BlackRock, Inc. (together, with its subsidiaries, unless the context otherwise indicates, “BlackRock” or the “Company”) is a leading publicly traded investment management firm with $8.68 trillion of AUM at December 31, 2020. With approximately 16,500 employees in more than 30 countries, BlackRock provides a broad range of investment and technology services to institutional and retail clients in more than 100 countries across the globe. For further information see Note 1, Business Overview, and Note 27, Segment Information, in the notes to the consolidated financial statements contained in Part II, Item 8.

The following discussion includes a comparison of BlackRock’s results for 2020 and 2019. For a discussion of BlackRock’s results for 2018 and a comparison of results for 2019 and 2018, see Item 7, Management’s Discussion and Analysis of Financial Condition and Results of Operations, of the Company’s Annual Report on Form 10-K for the year ended December 31, 2019, which was filed with the SEC on February 28, 2020.

On May 15, 2020, a subsidiary of The PNC Financial Services Group, Inc. (“PNC”) completed the secondary offering of 31,628,573 shares of the Company’s common stock at a price of $420 per share, which included 823,188 shares of common stock issued upon the conversion of the Company’s Series B Convertible Participating Preferred Stock and 2,875,325 shares of common stock under the fully exercised underwriters’ option to purchase additional shares. Also on May 15, 2020, PNC completed the sale of 2,650,857 shares to the Company at a price of $414.96 per share. The shares repurchased by the Company were in addition to the share repurchase authorization under the Company’s existing share repurchase program. The secondary offering and the Company’s share repurchase resulted in PNC’s exit of its entire ownership position in the Company.
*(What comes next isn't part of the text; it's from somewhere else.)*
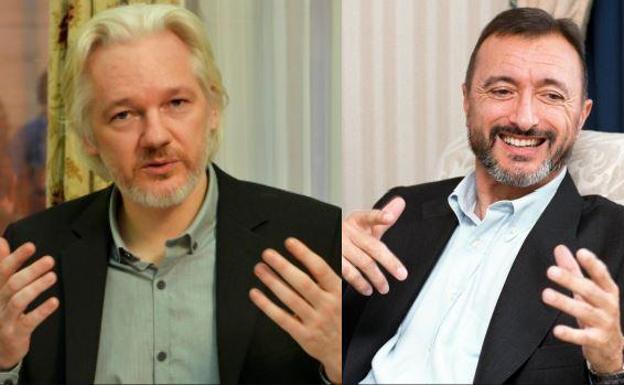 Pérez Reverte llama «perfecto idiota» a Assange en una discusión sobre Cataluña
Certain prior period presentations and disclosures, while not required to be recast, were reclassified to ensure comparability with current period classifications.

 

33


 

United Kingdom Exit from European Union

 

On December 31, 2020, the United Kingdom (“UK”) left the European Union (“EU”), and the UK and EU reverted to being distinct regulatory, legal and customs territories. Although an “EU-UK Trade and Cooperation Agreement” was agreed to in connection with the UK’s departure from the EU, it does not include any substantive provisions with respect to financial services. As a result, from January 1, 2021, cross-border financial services trade between the UK and the EU will be governed by their respective financial services regulations and market access regimes. BlackRock has implemented a number of steps to prepare for this outcome. These steps, which are and have been time consuming and costly and may add complexity to BlackRock’s future European operations, include effecting organizational, governance and operational changes, applying for and receiving additional licenses and permissions in the EU, and engaging in client communications. In addition, depending on how the future relationship between the UK and the EU develops, BlackRock may experience further organizational and operational challenges and incur additional costs in connection with its European operations, particularly with regards to delegation and outsourcing, which may impede the Company’s growth or impact its financial performance.

 

Other Development

On February 13, 2020, BlackRock announced the establishment of The BlackRock Foundation (the “Foundation”) and the contribution of its remaining 20% stake in PennyMac Financial Services, Inc. (“PennyMac”) to the Foundation and the BlackRock Charitable Fund, which BlackRock established in 2013 (together, the “Charitable Contribution”). The Charitable Contribution resulted in an operating expense of $589 million, which was offset by a $122 million noncash, nonoperating pre-tax gain on the contributed shares and a tax benefit of $241 million in the consolidated statement of income for the year ended December 31, 2020. The Charitable Contribution provides long-term funding for BlackRock’s philanthropic investments and partnerships. The general and administration expense, nonoperating gain and associated tax benefit related to the Charitable Contribution have been excluded from as adjusted results.

Business Outlook

BlackRock's framework for long-term value creation is predicated on generating differentiated organic growth, leveraging scale to increase operating margins over time, and returning capital to shareholders on a consistent basis. BlackRock's diversified platform, in terms of style, product, client and geography, enables it to generate more stable cash flows through market cycles, positioning BlackRock to invest for the long-term by striking an appropriate balance between investing for future growth and prudent discretionary expense management.

 

The COVID-19 pandemic continues to result in governmental authorities taking numerous measures to contain the spread and impact of COVID-19, such as travel bans and restrictions, quarantines, shelter in place orders, and limitations on business activity, including closures. These measures may continue to, among other things, severely restrict global economic activity, which can disrupt supply chains, lower asset valuations, significantly increase unemployment and underemployment levels, decrease liquidity in markets for certain securities and cause significant volatility and disruption in the financial markets.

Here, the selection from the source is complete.